Les institutionnels français sont clairement en avance sur les aspects climats, ce que l’on appellerait le « E » de l’acronyme ESG. En revanche sur les sujets sociaux et gouvernementaux (les S et G) nous sommes parfois en retard. Contrairement aux apparences la France a beau avoir des penchants sociaux très développés nous restons derrière plusieurs autres pays nord européens dans ce domaine et notre pays a des marges de progrès à faire en matière de gouvernance.

L’avance prise dans l’environnement date de la préparation des accords de Paris. Du côté des investissements institutionnels le tournant date de 2015 environ, moment où cette pratique de l’investissement responsable est devenue majoritaire chez les institutionnels.

S’agissant des particuliers, en revanche, la tendance est moins nette. Les travaux de recherche publiés sur le sujet montrent une plus grande diversité d’approche. Ils révèlent un appétit pour des thèmes « verts », comme l’eau, plutôt que pour des mesures de réduction de CO2 : les particuliers préfèrent, semble-t-il,  investir sur des sujets concrets dont ils comprennent la nécessité dans leur vie de tous les jours. Par ailleurs, d’autres travaux montrent également une forme d’antagonisme chez les épargnants entre compétence financière et appétit pour l’épargne verte.

On note un enthousiasme plus grand pour les questions « vertes » chez ceux qui ont moins de connaissance financière

C’est très marquant chez les jeunes notamment : on note un enthousiasme plus grand pour les questions « vertes » chez ceux qui ont moins de connaissance financière. Ceux qui ont plus de connaissance semblent en revanche plus sceptiques. Comme s’ils doutaient qu’investissement responsable pouvait s’accompagner de rentabilité.

Le financement des déficits de retraite et de la transition verte sont-ils compatibles ? 

Totalement. Mettre des objectifs de long terme (financement de la retraite) face à des besoins de long terme (financement de la transition énergétique) serait même le plus efficace, si on arrivait à bien lier ces deux thèmes.

Plus généralement, dans ce contexte de forte hausse des taux que pensez-vous du comportement des épargnants français ?

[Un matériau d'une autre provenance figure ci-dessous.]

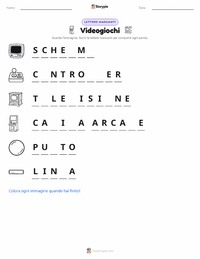 Anteprima della scheda stampabile di Videogiochi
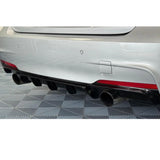 BMW 3 Series F30 M Sport 2012-2018 Gloss Black Full Aero Body Kit - Diffuser 0___0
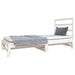 Pat de zi extensibil, alb, 2x(90x190) cm, lemn masiv de pin - WALTI WALTI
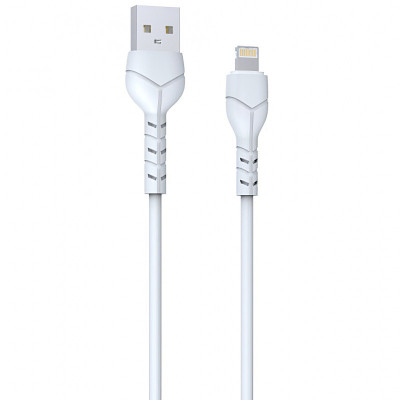 Cablu Date si Incarcare USB la Lightning DEVIA Kintone, 1 m, 2.1A, Set 30 buc, Alb foto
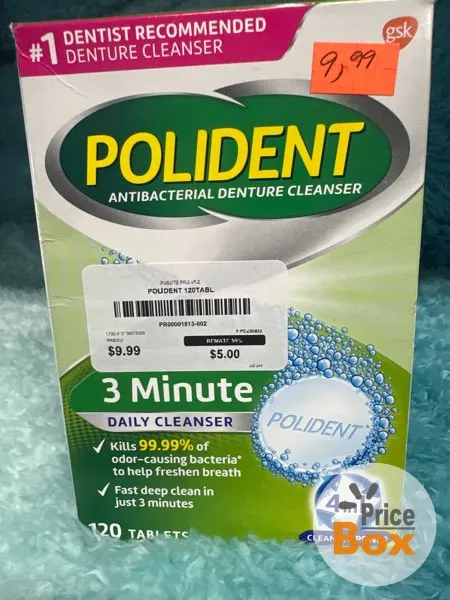 POLIDENT 120TABL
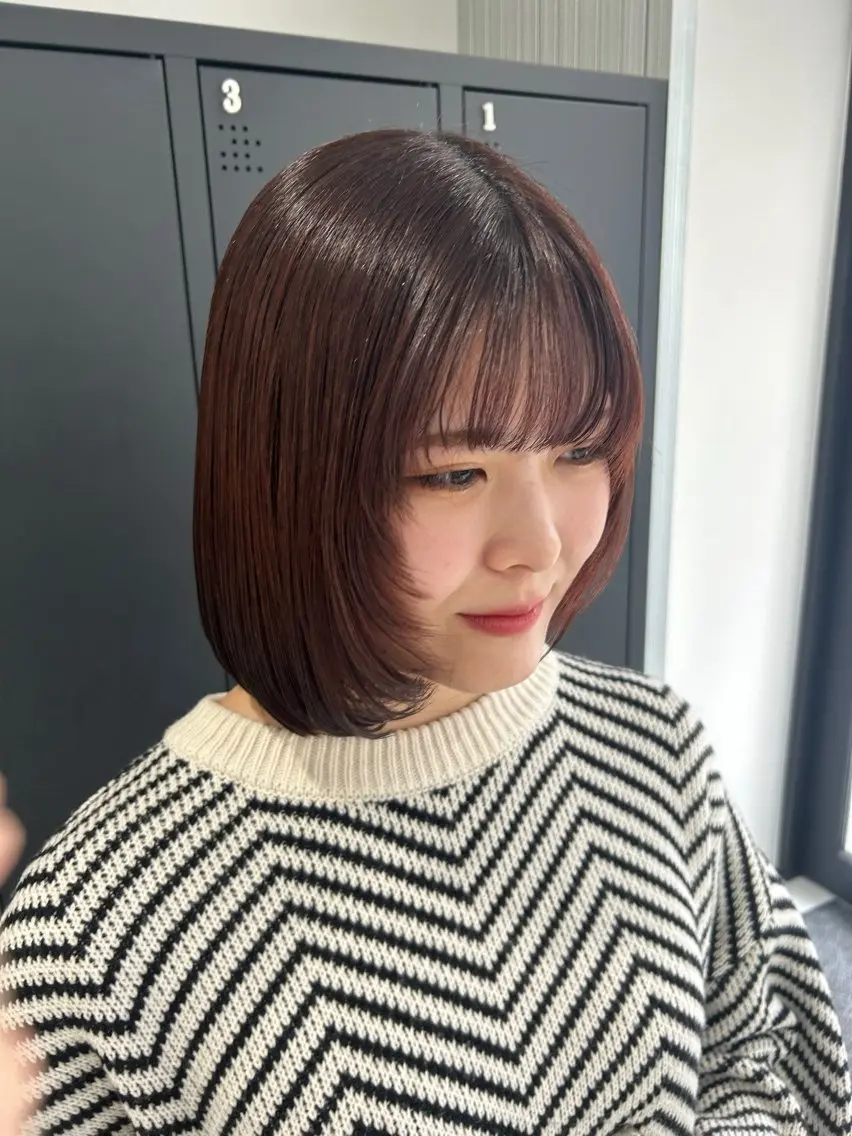 ミディアム 顔まわりレイヤー 顔周りカット レイヤーカット 🌷カットモデル 募集中🪽/mayuのヘアスタイル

On ne sent pas de panique chez les épargnants dans le contexte actuel. Il y aura probablement un effet retard car ne nous leurrons pas une forte inflation n’est pas bonne pour les épargnants. Mais pour le moment cela se passe plutôt bien. Est-ce dû au fait que les marchés actions offrent de bonnes performances pour le contexte, donnant l’impression que la tendance est globalement positive ?

Quelles sont les grandes tendances de l’épargne selon vous ? 

On constate de plus en plus que les jeunes générations sont davantage portées vers l’investissement en bourse. C’est une excellente chose car quand on investit sur le long terme en actions on est beaucoup plus gagnant et moins sensible à la volatilité.

On ne sent pas de panique chez les épargnants dans le contexte actuel

Ensuite, pour en revenir à la question de l’épargne verte on perçoit très bien que l’épargne responsable est clairement une tendance lourde et il faut s’attendre à une multiplication de produits innovants sur ce thème dans les prochaines années. Enfin, au plan des technologies, autant je suis dubitatif sur l’intérêt des cryptomonnaies comme produit d’épargne, autant je crois que nous aurons beaucoup de changements provoqués par la technologie blockchain qui va faciliter les échanges, qui seront encore plus désintermédiés et donc in fine limiter les frais de gestion. L’épargnant en profitera, même indirectement.